• Records from a dataset
-*-*-

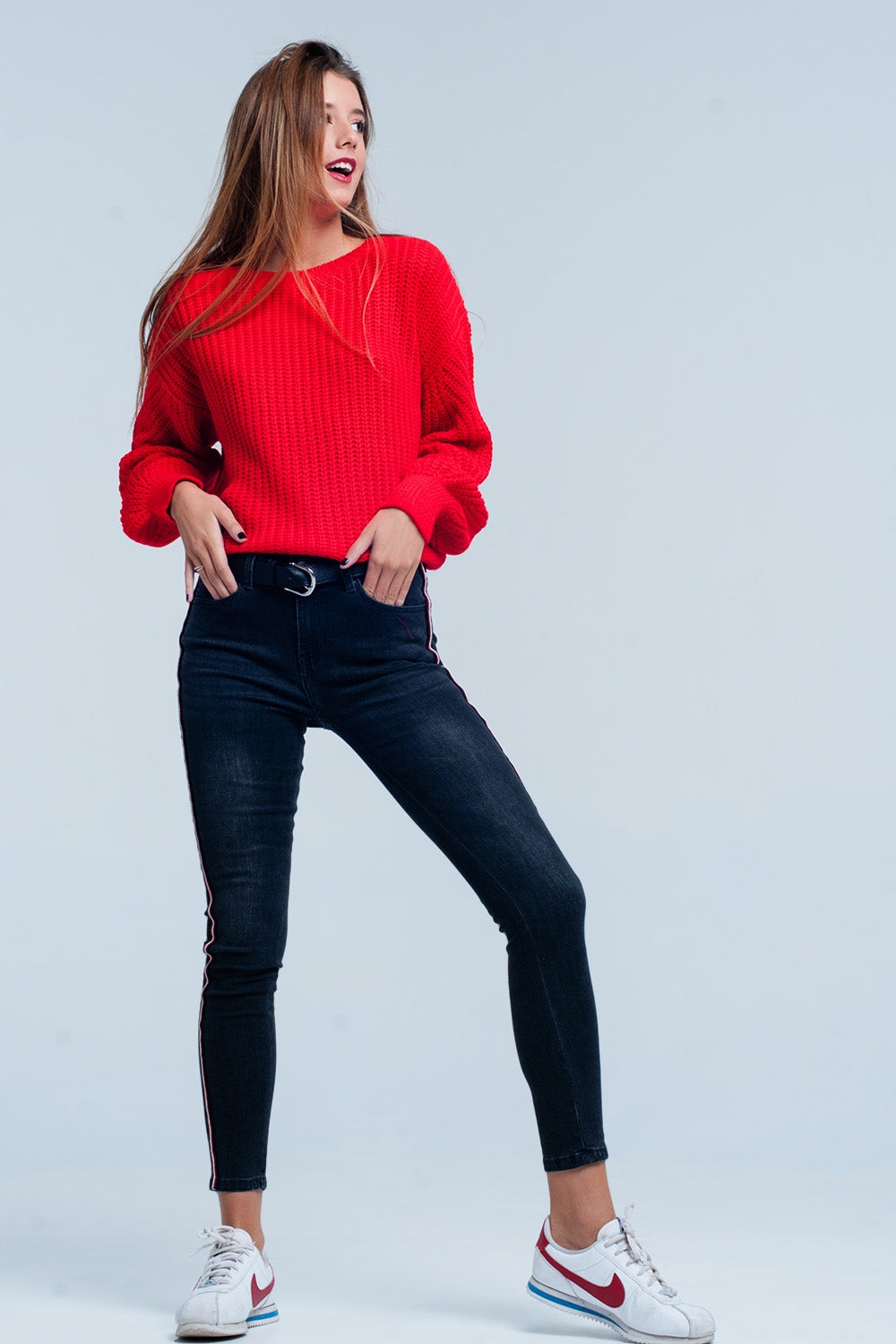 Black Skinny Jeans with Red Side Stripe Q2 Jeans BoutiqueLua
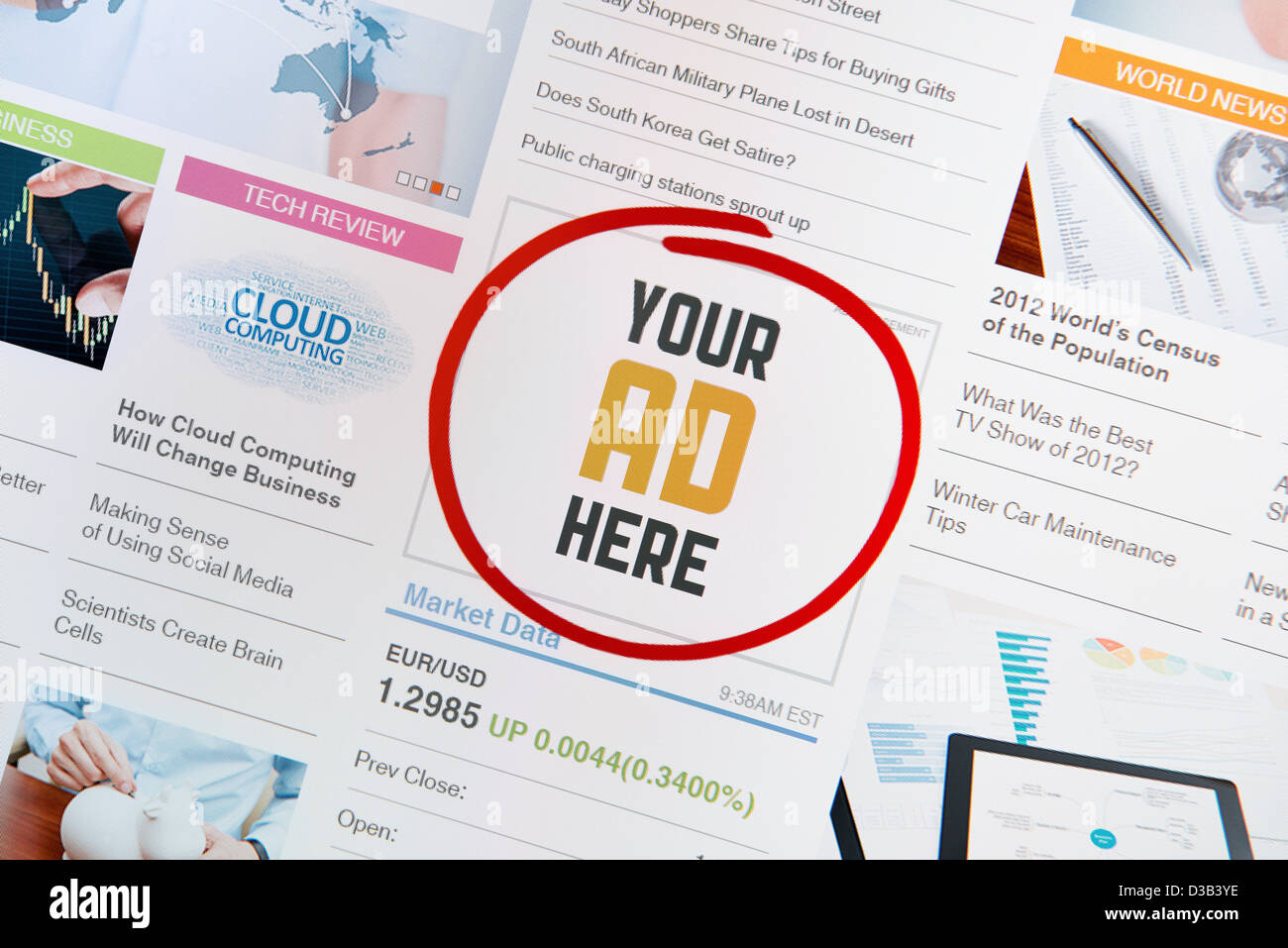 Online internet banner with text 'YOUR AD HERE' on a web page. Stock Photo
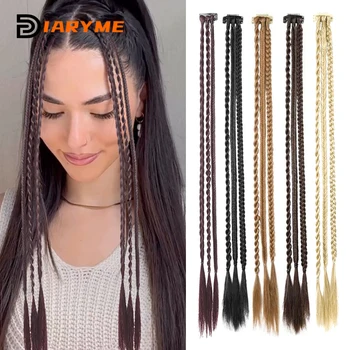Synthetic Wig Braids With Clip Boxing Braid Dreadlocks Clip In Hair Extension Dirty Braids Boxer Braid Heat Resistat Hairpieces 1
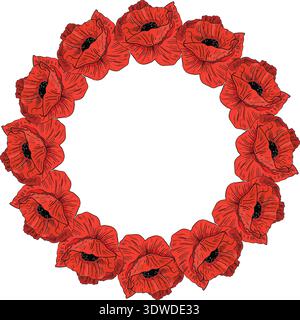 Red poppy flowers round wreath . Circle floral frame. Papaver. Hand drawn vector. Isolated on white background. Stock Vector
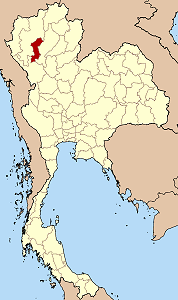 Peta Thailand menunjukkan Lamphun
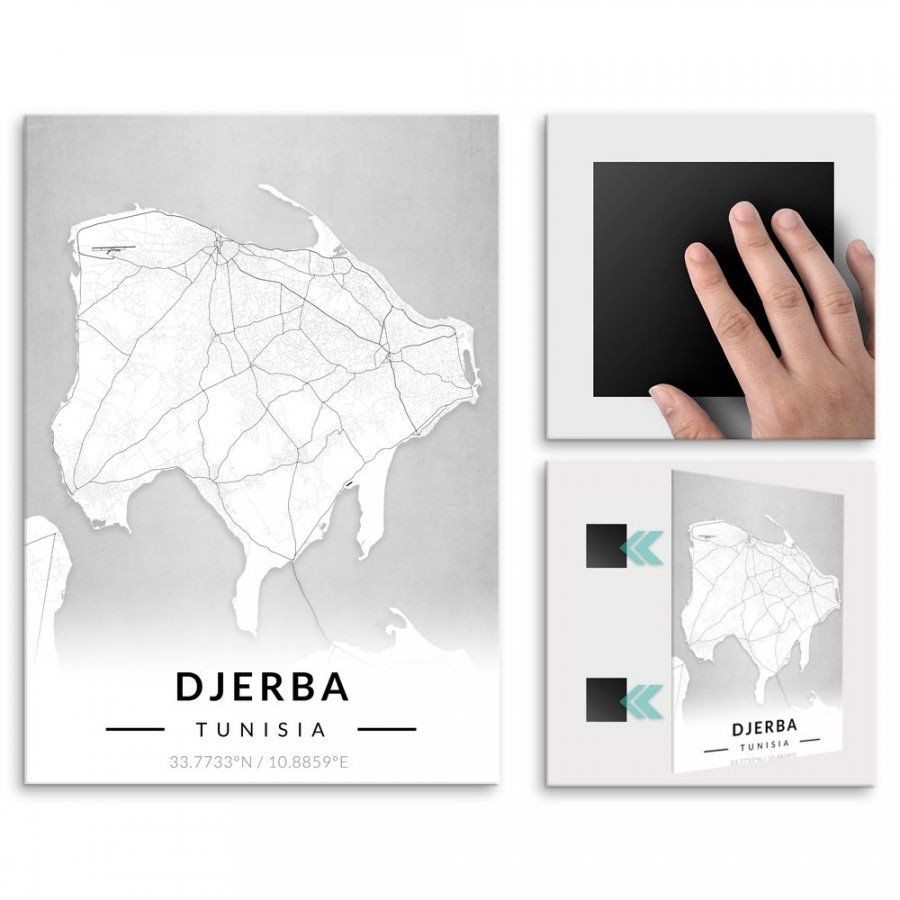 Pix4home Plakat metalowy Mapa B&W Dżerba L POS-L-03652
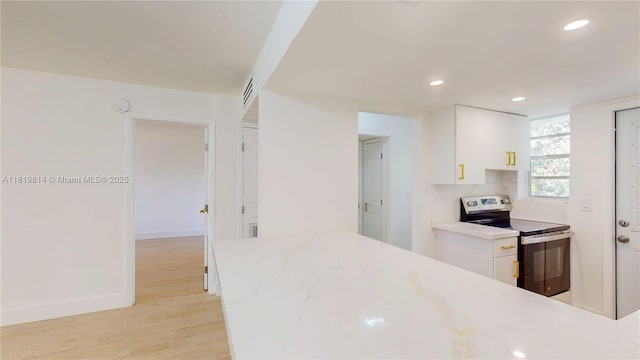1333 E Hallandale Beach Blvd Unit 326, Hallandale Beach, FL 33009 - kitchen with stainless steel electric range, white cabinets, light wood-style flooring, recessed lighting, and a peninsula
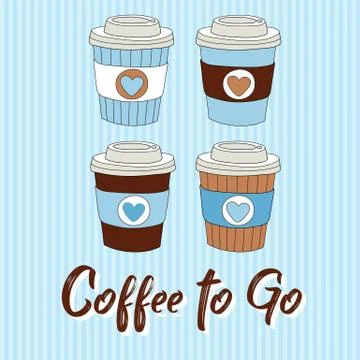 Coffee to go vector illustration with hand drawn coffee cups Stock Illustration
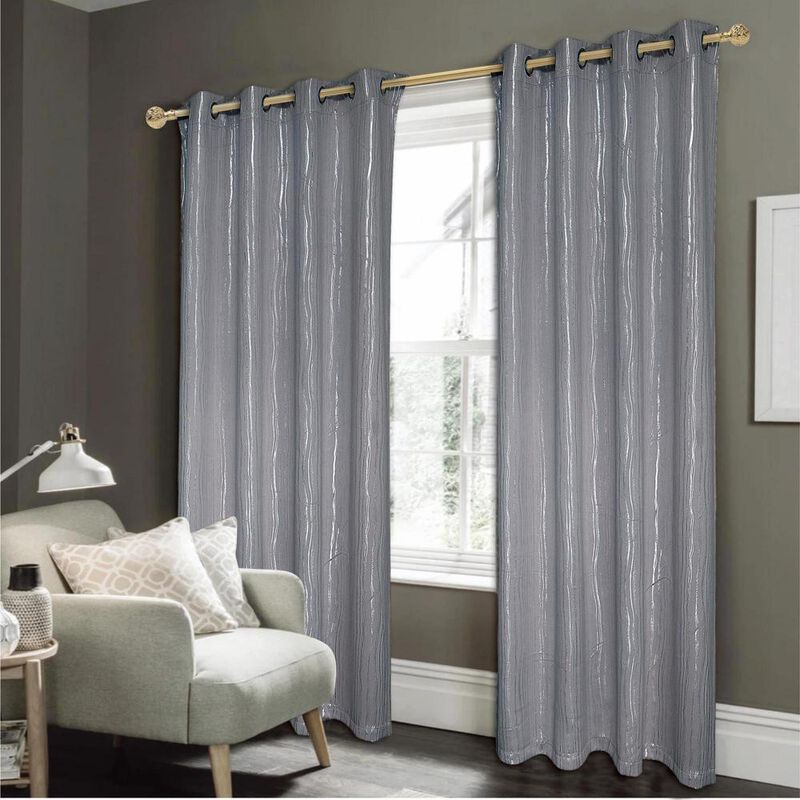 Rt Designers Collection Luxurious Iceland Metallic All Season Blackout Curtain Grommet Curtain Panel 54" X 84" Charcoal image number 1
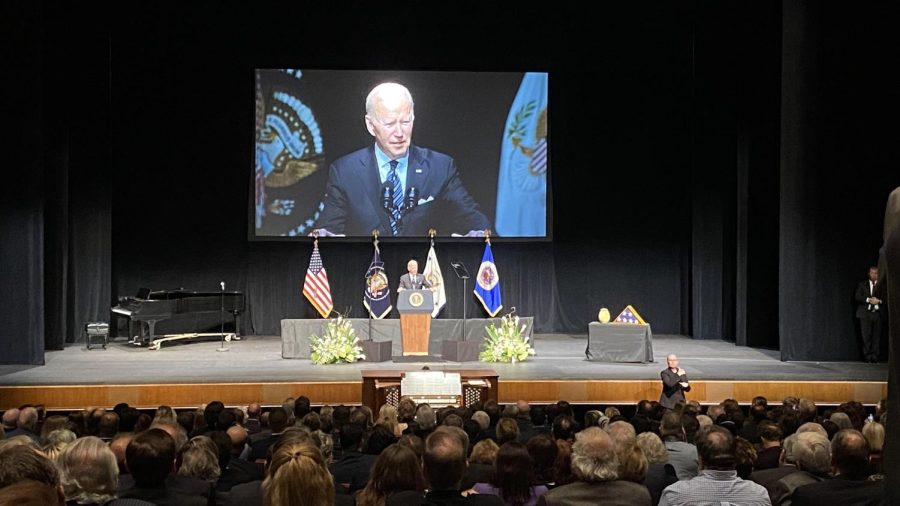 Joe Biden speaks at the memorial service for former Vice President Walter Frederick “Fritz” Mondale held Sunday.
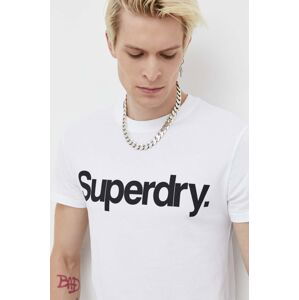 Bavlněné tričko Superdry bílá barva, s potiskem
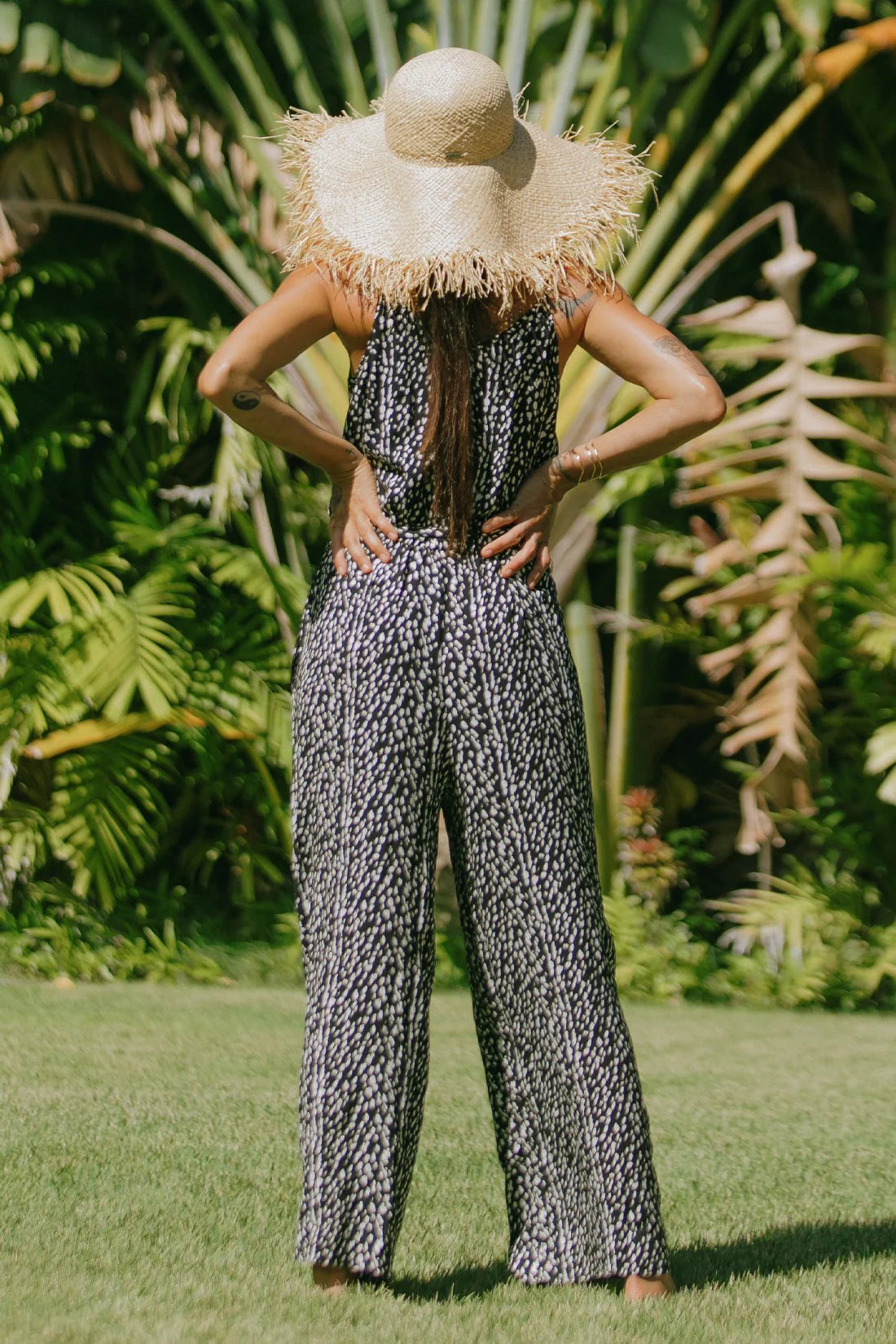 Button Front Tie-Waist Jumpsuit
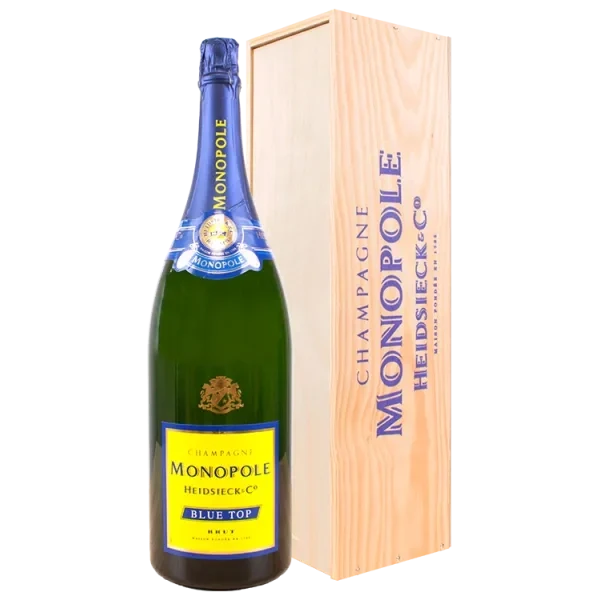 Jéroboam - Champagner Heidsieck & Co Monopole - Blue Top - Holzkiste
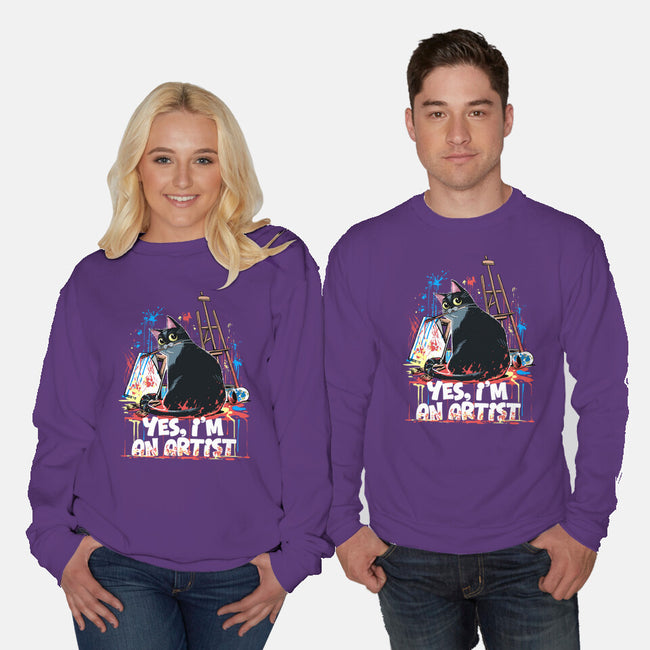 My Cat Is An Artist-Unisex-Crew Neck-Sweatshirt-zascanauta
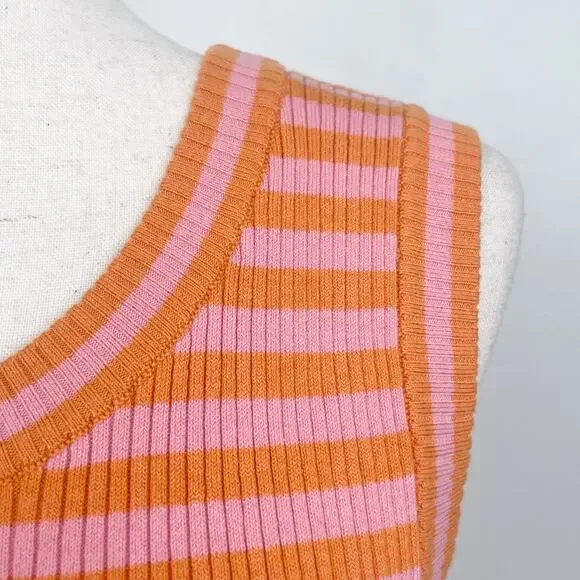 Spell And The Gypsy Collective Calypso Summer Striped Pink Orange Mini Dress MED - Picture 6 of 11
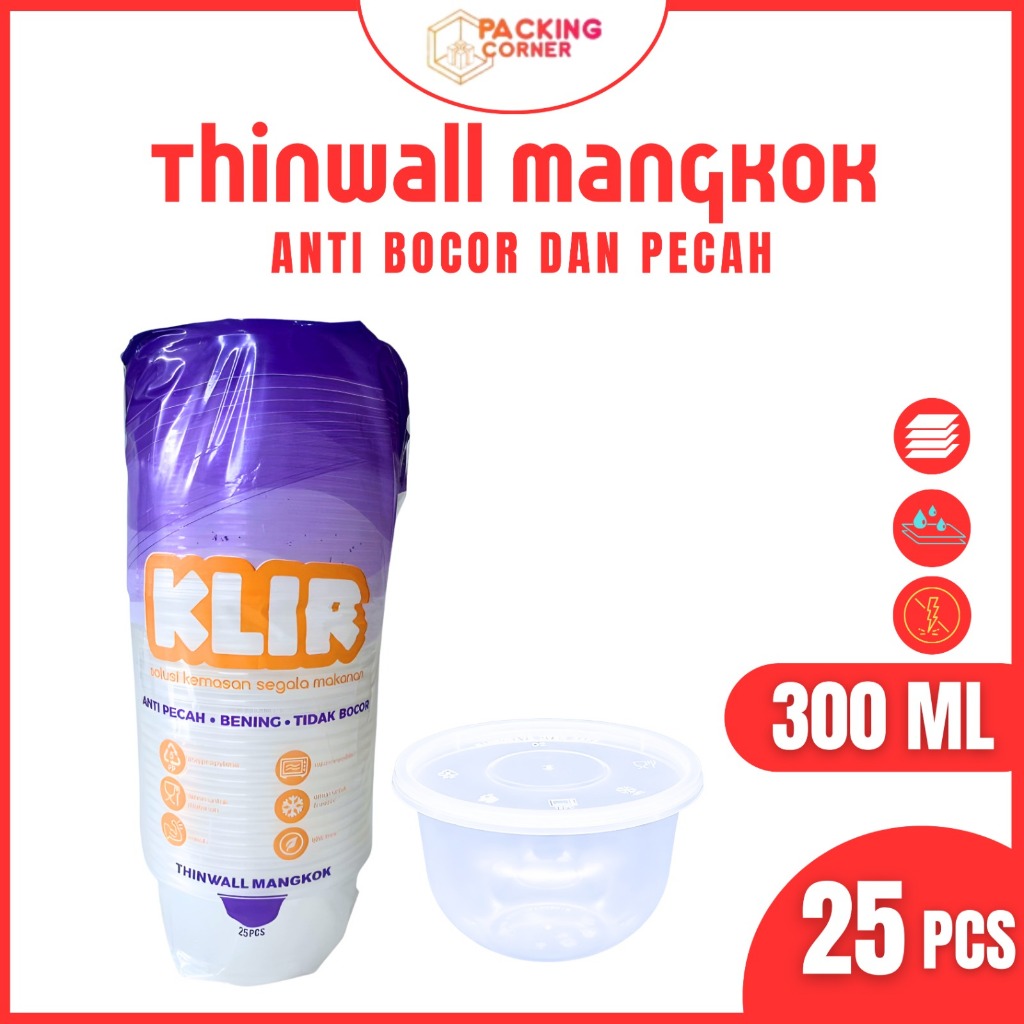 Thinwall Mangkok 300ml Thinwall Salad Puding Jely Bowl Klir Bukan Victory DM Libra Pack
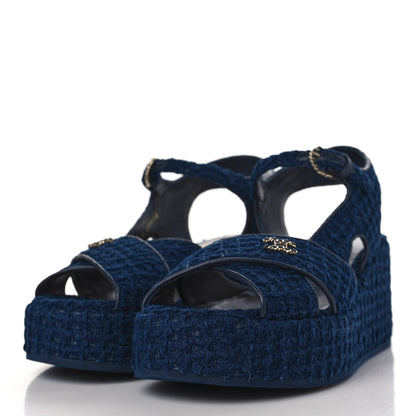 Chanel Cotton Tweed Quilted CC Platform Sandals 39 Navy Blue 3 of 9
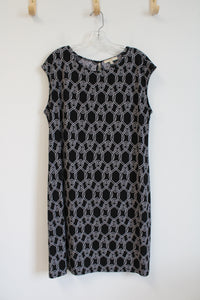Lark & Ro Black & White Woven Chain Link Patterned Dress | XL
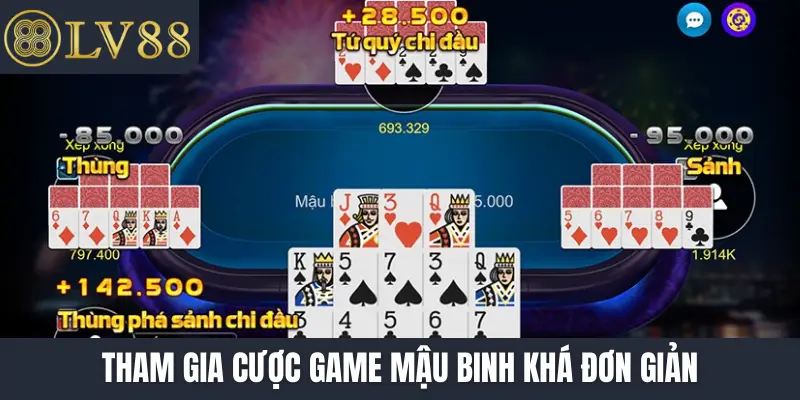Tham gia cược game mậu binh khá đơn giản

-*-*-

• YOUR TASK
Copy every line of the records exactly as it is written, but not the pictures.

• SOLUTION TO THIS TASK
 Black Skinny Jeans with Red Side Stripe Q2 Jeans BoutiqueLua
 Online internet banner with text 'YOUR AD HERE' on a web page. Stock Photo
Synthetic Wig Braids With Clip Boxing Braid Dreadlocks Clip In Hair Extension Dirty Braids Boxer Braid Heat Resistat Hairpieces 1
 Red poppy flowers round wreath . Circle floral frame. Papaver. Hand drawn vector. Isolated on white background. Stock Vector
 Peta Thailand menunjukkan Lamphun
 Pix4home Plakat metalowy Mapa B&W Dżerba L POS-L-03652
1333 E Hallandale Beach Blvd Unit 326, Hallandale Beach, FL 33009 - kitchen with stainless steel electric range, white cabinets, light wood-style flooring, recessed lighting, and a peninsula
 Coffee to go vector illustration with hand drawn coffee cups Stock Illustration
 Rt Designers Collection Luxurious Iceland Metallic All Season Blackout Curtain Grommet Curtain Panel 54" X 84" Charcoal image number 1
 Joe Biden speaks at the memorial service for former Vice President Walter Frederick “Fritz” Mondale held Sunday.
 Bavlněné tričko Superdry bílá barva, s potiskem
 Button Front Tie-Waist Jumpsuit
 Jéroboam - Champagner Heidsieck & Co Monopole - Blue Top - Holzkiste
 My Cat Is An Artist-Unisex-Crew Neck-Sweatshirt-zascanauta
 Spell And The Gypsy Collective Calypso Summer Striped Pink Orange Mini Dress MED - Picture 6 of 11
 Thinwall Mangkok 300ml Thinwall Salad Puding Jely Bowl Klir Bukan Victory DM Libra Pack
 Chanel Cotton Tweed Quilted CC Platform Sandals 39 Navy Blue 3 of 9
Lark & Ro Black & White Woven Chain Link Patterned Dress | XL
Tham gia cược game mậu binh khá đơn giản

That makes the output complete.